Jakarta, CNN Indonesia —
Presiden Yoon Suk-yeol yang didakwa atas upaya tim investigasi gabungan menyatakan krisis militer yang berujung gejolak politik di Korea Selatan beberapa waktu lalu, kembali absen.
Sesuai permintaan pukul 10.00 waktu Seoul, Yoon Gwacheon tidak hadir di Kantor Investigasi Korupsi (CIO) pejabat senior pada Rabu (25/12).
Seruan tersebut merupakan bagian dari upaya bersama untuk memberlakukan darurat militer yang gagal pada tanggal 3 Desember dan menyebabkan kekacauan politik di Korea Selatan.

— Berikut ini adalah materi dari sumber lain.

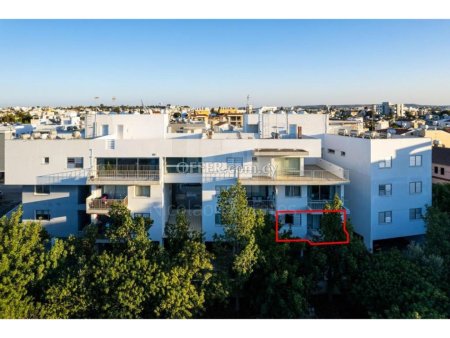 Modern one bedroom apartment for sale in Strovolos - 1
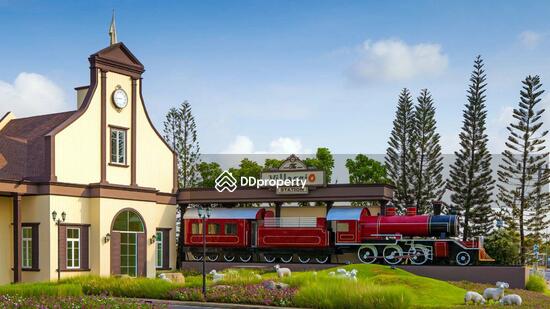 ให้เช่า - Villaggio Bangna : วิลเลจจิโอ บางนา, สมุทรปราการ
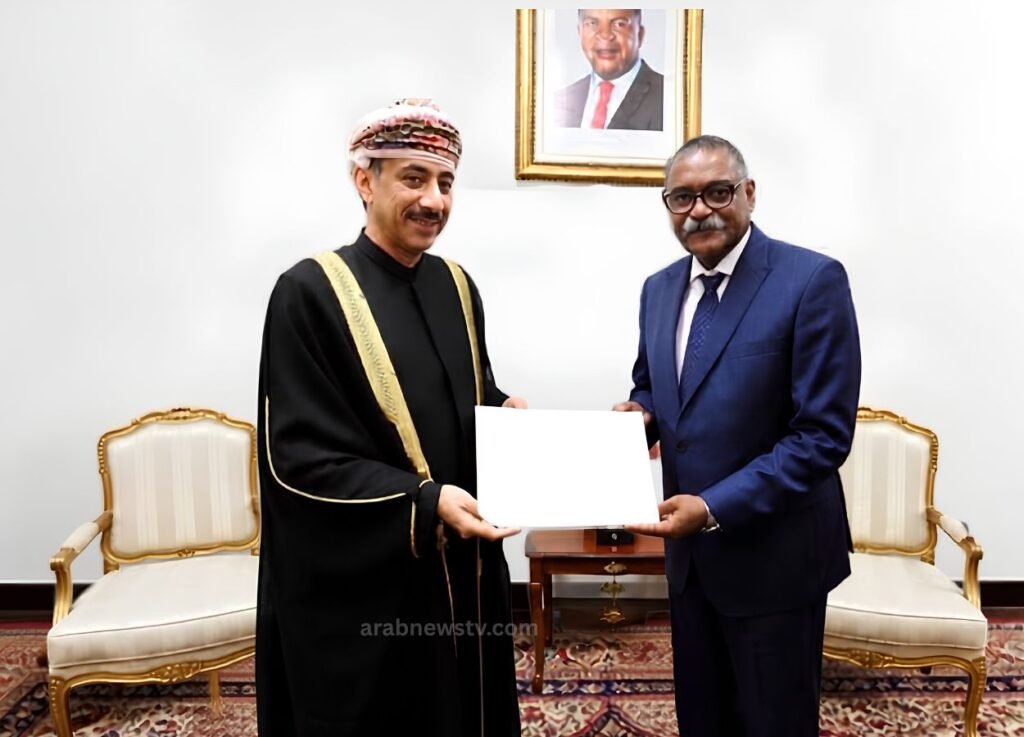 Oman Ambassador to Egypt
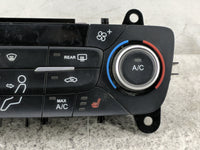 2018-2019 Ford Escape Climate Control Module Temperature AC/Heater Replacement P/N:GJ5T-18C612-CJ Fits Fits 2018 2019 OEM Us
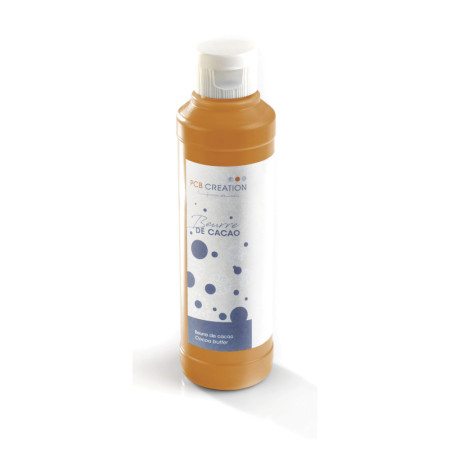 Coloring Orange Cocoa Butter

Ketidakhadiran Yoon menandai kedua kalinya mantan jaksa agung melakukannya sejak 17 Desember 2024. Yun dituduh memimpin kudeta dan menyalahgunakan kekuasaan dengan mengumumkan darurat militer.
Tim investigasi gabungan yang terdiri dari CIO, polisi, dan unit investigasi Kementerian Pertahanan kemudian dibentuk untuk menyelidiki drama keputusan tersebut.
Setelah diabaikan oleh Yoon, Yonhap mengabarkan, CIO saat ini berencana menunggu kemungkinan kemunculan Yoon di kemudian hari.
Pada tanggal 24 Desember, pengacara Yoon, Seok Dong-hyeon, mengatakan kliennya lebih memilih proses pemakzulannya daripada Mahkamah Konstitusi. Yun dikatakan berencana mengeluarkan pernyataan mengenai posisinya dalam kasus ini setelah Hari Natal.
Presiden Yoon Suk Yeol sebelumnya dituduh menyalahgunakan kekuasaannya sebagai presiden untuk memberlakukan darurat militer. Ia dituduh menyerang Majelis Nasional Korea Selatan dan mengerahkan militer untuk menangkap beberapa tokoh penting di parlemen.
Langkah Yoon justru menjadi bumerang. Perlawanan yang meluas dari masyarakat dan partai oposisi mendorongnya untuk mencabut darurat militer.
Selain itu, Majelis Nasional Korea Selatan juga mengeluarkan resolusi pemakzulan. Resolusi tersebut didukung oleh 204 dari 300 anggota Majelis Nasional Korea Selatan. Pemakzulan juga mendapat dukungan dari PPP. Selain itu, terdapat 85 suara yang ditolak, 3 suara yang tidak hadir, dan 8 suara yang tidak sah. Pemakzulan Yun berlanjut di Mahkamah Konstitusi (MK).